Удивительные это были сеансы! Начать с того, что Шаляпин с его громадной фигурой как-то не «помещался», не гляделся в кустодиевской мастерской. Он, казалось, заполнял собой всю квартиру — своим голосом, смехом, рассказами — в перерывах — о своей жизни, о недавно скончавшемся «Савве Великолепном» — Мамонтове, о закадычных своих друзьях Серове и Константине Коровине.

У него было много юмора, и порой Борис Михайлович хохотал — согнувшись, чтобы не стало больно от смеха. Много веселья было, когда постановили, что позировать должна еще одна знаменитость — шаляпинский бульдог, а чтобы придать ему нужную позу, на шкаф посадили кошку, от которой он глаз оторвать не мог.

Как ни был причудлив характер певца, как ни был он избалован великой славой, Кустодиев ощущал в нем единомышленника и родню.

В Шаляпине привлекали огромный размах, великая широта натуры под стать их родной реке.
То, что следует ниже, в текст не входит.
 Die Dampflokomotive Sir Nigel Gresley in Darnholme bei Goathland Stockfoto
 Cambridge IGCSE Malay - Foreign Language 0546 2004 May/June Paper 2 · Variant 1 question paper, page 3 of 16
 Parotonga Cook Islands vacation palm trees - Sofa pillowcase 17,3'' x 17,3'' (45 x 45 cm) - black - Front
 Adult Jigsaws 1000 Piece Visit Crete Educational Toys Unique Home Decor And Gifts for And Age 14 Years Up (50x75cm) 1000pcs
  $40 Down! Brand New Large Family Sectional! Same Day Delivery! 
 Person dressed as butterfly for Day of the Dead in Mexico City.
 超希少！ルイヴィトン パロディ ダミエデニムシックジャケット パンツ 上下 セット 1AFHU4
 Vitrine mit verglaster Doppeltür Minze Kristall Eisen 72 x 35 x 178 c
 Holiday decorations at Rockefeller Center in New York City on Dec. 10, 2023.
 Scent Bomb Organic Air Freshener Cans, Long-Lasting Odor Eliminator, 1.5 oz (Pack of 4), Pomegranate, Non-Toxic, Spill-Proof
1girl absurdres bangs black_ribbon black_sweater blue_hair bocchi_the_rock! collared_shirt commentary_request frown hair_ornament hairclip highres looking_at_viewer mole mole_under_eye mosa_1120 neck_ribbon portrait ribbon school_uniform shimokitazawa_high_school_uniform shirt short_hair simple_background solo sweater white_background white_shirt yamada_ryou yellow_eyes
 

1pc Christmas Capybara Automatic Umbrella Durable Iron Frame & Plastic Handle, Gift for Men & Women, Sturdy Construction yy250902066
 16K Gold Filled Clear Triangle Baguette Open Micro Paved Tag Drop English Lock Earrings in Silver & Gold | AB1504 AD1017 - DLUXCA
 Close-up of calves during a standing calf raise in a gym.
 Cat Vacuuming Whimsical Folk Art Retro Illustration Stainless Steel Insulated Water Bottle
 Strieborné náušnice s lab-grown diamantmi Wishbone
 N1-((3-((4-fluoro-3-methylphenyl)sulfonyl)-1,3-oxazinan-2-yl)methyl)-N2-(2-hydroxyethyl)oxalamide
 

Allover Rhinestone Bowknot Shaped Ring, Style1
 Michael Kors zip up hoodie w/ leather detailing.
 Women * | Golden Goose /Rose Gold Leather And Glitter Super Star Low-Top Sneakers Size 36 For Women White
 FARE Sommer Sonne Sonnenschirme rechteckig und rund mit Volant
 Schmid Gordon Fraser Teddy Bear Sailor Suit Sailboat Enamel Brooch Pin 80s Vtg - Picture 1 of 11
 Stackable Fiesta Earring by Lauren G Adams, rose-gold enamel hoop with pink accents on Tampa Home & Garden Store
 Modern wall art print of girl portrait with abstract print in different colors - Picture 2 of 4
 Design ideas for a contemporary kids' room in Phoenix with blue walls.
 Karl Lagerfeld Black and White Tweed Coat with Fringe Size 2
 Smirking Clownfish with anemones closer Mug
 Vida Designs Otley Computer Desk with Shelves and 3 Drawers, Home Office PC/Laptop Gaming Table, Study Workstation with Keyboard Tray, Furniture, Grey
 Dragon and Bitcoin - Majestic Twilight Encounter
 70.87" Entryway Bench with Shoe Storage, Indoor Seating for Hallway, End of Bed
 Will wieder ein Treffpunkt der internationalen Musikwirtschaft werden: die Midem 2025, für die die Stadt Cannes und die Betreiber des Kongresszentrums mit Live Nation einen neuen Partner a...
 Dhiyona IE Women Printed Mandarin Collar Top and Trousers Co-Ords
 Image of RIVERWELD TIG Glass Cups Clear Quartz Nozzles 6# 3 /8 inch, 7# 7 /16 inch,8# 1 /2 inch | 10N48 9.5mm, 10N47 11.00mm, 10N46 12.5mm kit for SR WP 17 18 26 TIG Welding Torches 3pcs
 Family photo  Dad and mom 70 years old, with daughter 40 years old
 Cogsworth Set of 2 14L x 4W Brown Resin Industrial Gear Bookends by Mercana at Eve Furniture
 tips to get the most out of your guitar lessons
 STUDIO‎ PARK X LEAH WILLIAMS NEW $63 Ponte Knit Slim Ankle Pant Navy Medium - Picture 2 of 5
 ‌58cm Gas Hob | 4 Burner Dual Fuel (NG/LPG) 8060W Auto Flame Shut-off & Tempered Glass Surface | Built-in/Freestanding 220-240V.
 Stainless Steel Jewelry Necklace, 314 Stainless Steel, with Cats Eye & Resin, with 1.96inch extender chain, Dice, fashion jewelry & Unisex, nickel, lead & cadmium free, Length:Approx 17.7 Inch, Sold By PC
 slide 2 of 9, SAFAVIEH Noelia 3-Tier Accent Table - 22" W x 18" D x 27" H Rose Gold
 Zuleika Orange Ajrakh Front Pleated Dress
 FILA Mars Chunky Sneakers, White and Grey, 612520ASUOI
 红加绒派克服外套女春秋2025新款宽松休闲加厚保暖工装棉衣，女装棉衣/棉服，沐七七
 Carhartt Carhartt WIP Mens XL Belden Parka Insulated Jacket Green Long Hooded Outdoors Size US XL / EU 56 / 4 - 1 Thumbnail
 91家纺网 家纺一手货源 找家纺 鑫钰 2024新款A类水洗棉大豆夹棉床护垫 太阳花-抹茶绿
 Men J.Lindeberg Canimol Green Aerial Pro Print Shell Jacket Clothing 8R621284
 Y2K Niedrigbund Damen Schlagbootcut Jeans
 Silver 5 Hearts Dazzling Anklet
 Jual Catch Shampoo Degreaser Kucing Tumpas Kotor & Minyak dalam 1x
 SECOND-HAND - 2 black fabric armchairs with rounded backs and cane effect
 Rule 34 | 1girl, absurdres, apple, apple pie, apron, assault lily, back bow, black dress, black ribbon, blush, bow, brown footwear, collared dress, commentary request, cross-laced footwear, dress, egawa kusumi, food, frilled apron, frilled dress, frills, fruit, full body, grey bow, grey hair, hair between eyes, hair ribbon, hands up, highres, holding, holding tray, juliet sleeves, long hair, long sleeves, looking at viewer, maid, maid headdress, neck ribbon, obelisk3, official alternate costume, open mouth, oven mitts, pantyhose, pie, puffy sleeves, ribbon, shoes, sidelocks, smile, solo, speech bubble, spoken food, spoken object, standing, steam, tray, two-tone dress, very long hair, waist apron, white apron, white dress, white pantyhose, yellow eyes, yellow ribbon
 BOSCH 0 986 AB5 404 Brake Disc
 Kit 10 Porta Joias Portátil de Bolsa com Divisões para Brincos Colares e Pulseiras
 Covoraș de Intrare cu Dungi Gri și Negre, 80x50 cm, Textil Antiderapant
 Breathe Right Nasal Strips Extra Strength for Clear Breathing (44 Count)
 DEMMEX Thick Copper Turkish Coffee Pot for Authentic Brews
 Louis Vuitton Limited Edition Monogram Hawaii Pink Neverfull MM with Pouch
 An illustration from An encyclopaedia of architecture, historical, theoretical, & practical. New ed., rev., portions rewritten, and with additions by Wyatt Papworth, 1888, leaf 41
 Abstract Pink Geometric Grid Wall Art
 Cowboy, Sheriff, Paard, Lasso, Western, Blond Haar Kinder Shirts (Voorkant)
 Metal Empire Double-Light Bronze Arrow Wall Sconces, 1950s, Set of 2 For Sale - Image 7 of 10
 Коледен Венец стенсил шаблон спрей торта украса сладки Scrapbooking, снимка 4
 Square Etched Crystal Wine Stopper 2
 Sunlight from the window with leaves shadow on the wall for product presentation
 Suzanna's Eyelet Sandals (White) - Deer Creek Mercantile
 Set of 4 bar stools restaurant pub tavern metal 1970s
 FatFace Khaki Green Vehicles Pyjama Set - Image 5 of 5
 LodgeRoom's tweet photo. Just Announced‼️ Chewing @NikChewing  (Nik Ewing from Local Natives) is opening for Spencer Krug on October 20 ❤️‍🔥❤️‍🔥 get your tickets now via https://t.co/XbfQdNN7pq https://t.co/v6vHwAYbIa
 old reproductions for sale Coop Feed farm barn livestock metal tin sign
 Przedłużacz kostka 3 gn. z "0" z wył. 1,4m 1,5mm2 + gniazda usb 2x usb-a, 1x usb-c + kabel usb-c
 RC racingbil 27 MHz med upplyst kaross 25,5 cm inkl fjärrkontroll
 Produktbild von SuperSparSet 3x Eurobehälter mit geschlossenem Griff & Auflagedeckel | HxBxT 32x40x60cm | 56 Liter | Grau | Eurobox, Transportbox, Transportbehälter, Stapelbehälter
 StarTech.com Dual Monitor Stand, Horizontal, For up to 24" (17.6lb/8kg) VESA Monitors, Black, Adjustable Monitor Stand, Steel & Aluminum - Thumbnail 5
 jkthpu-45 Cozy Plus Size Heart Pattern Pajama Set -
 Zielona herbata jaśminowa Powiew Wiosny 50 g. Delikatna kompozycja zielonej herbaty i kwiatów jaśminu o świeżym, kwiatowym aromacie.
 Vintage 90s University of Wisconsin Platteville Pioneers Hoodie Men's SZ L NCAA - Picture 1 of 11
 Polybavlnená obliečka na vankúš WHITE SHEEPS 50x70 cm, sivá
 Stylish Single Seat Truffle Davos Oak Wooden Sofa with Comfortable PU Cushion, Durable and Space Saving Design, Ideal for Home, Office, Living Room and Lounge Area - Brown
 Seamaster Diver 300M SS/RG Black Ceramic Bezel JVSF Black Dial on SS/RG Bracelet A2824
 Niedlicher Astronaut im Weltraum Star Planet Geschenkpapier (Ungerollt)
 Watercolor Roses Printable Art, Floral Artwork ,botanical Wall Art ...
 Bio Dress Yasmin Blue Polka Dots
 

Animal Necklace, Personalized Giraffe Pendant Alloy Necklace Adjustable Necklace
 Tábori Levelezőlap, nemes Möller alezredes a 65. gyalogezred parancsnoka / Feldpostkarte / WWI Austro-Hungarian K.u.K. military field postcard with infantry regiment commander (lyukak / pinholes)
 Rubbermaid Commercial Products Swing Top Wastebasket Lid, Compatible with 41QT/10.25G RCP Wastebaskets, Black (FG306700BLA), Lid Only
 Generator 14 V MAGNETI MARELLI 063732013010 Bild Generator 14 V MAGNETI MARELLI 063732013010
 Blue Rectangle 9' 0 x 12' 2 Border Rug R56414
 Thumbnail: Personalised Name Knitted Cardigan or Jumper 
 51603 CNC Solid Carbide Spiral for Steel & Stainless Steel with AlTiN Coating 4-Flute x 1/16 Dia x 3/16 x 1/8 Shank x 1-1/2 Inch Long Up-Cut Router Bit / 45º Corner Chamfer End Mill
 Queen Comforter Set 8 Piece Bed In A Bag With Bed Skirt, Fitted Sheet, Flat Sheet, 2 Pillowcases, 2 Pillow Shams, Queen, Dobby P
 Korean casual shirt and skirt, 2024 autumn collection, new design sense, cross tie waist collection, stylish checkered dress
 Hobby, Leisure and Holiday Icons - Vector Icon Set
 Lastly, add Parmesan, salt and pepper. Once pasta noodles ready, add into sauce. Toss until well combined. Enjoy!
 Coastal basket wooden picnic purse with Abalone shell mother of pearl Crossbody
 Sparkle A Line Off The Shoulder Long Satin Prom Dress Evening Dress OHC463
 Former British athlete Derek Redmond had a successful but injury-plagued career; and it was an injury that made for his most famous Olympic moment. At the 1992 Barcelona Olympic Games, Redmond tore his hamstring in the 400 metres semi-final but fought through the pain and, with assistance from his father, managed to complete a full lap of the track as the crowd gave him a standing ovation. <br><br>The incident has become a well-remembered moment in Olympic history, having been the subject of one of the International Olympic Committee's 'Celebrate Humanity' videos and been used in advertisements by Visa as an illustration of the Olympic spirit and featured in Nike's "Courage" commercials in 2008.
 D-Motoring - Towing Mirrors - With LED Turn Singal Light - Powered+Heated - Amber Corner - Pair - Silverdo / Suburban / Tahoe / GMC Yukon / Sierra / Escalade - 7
Как-то накануне революции он в весьма высокопоставленном обществе так пропел знаменитую «Дубинушку», что она прозвучала грозным пророчеством, почти набатным звоном. И он же горой стоял за церковные песнопения, которые, по его убеждению, живут неразрывно и нераздельно с простой народной песней.

— Не хватает человеческих слов, — скажет он однажды, — чтобы выразить, как таинственно соединены в русском церковном пении эти два полюса радости и печали, и где между ними черта, и как одно переходит в другое, неуловимо. Много горького и светлого в жизни человека, но искреннее воскресение — песня, истинное вознесение — песнопение. Вот почему я так горд за мой певческий, может быть, и несуразный, но певческий русский народ…

И вот снова возникает на кустодиевском полотне человек-гигант на фоне русского города. На сей раз он композиционно отделен от него — и в то же время, по сути, органически слит с его праздничной суетой.